Una vez más la actualidad, la peor noticia, ha contraprogramado -no del todo- mi página de blog de este lunes. Me venía a interesar por esa recomendación del Papa y me hacía mucha gracia, con su tono, oirle hablar de los malos hábitos de las familias automáticas. Nos invitaba a comer juntos, en torno a una mesa, con la tele apagada y sin estar pendiente de los telefoninos. Y nosotros -yo el primero- sin hacerle mucho caso; las noticias o el partido de fútbol o una peli o un wpp o un correo electrónico; cada cual con su telefonino ajeno a lo que le preocupa a tu hija, a tu mujer, a tu madre, a tu hermano. Y lo peor; mientras todo esto pasa  delante de nuestras narices, asistimos casi inconscientemente a cambios sociales irreversibles que joderán nuestra vejez -ya a la vuelta de la esquina- movimientos migratorios masivos que cambiarán nuestra cultura y nuestras creencias; nuestros credos o por los menos, el mio, el de mi familia.

El sábado a última hora, bajando de una bonita excursión entre Esporlas y Banyalbufar nos escoltaba un cuarto menguante durante el camino a casa. Brillaba ese cuarto de luna en una noche limpia y serena, ajena a toda desgracia y me vino a la mente la fatal coincidencia. ¿No habrán elegido esta fase lunar esos desalmados para cometer la salvaje matanza de ayer en Paris?
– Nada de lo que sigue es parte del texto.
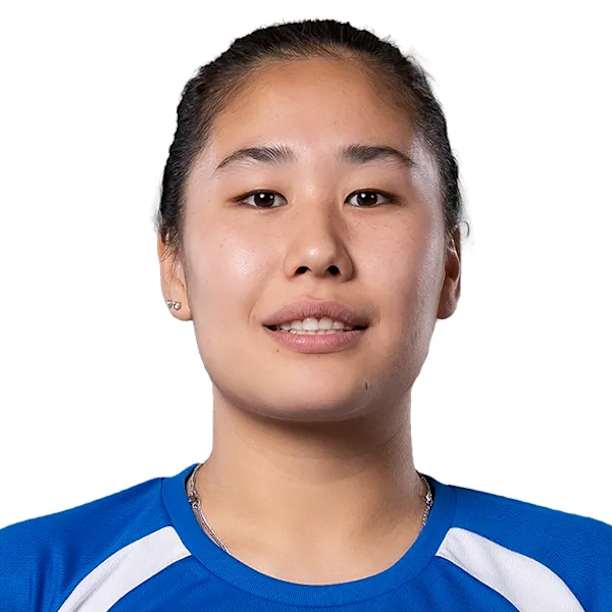 Bota Uatayeva - Giocatrice di pallavolo, opposto, Kazakistan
El domingo desayunamos aún sobrecogidos por la espantosa resaca y recuento definitivo de víctimas y, contemplando a las que todavía desayunan colacao y chocopics, me planteo el futuro que les espera y, desgraciadamente, lo que deberán ver y soportar resignadamente. Vaya mundo les dejamos.

Una madrugada de 1969 mi padre nos despertó para ver las inverosímiles imágines de un tipo con un aparatoso traje blanco flotando sobre la superficie lunar. Cuando la televisión era eso; en blanco y negro. Tal vez una próxima madrugada mis hijas asistirán, si nada lo remedia, a la desaparición de mi civilización. Ójala me equivoque, pero en estos momentos, hoy al menos, el pesimismo forma parte de mis prendas de vestir.

Rezaremos los buenos cristianos que admitimos el error ajeno e incluso ponemos la otra mejilla aunque ya no sé si soy realmente un buen cristiano (mis deseos en estos momentos dicen lo contrario) y en cualquier caso, prefiero ser un mal cristiano que, por lo que se ve, un buen musulmán.

Al lado de todo esto, ¿a quién le va a importar lo que decida el tipejo del chaleco de la CUP, disfrazado de abogado del sindicato de transportistas, Chicago años 20?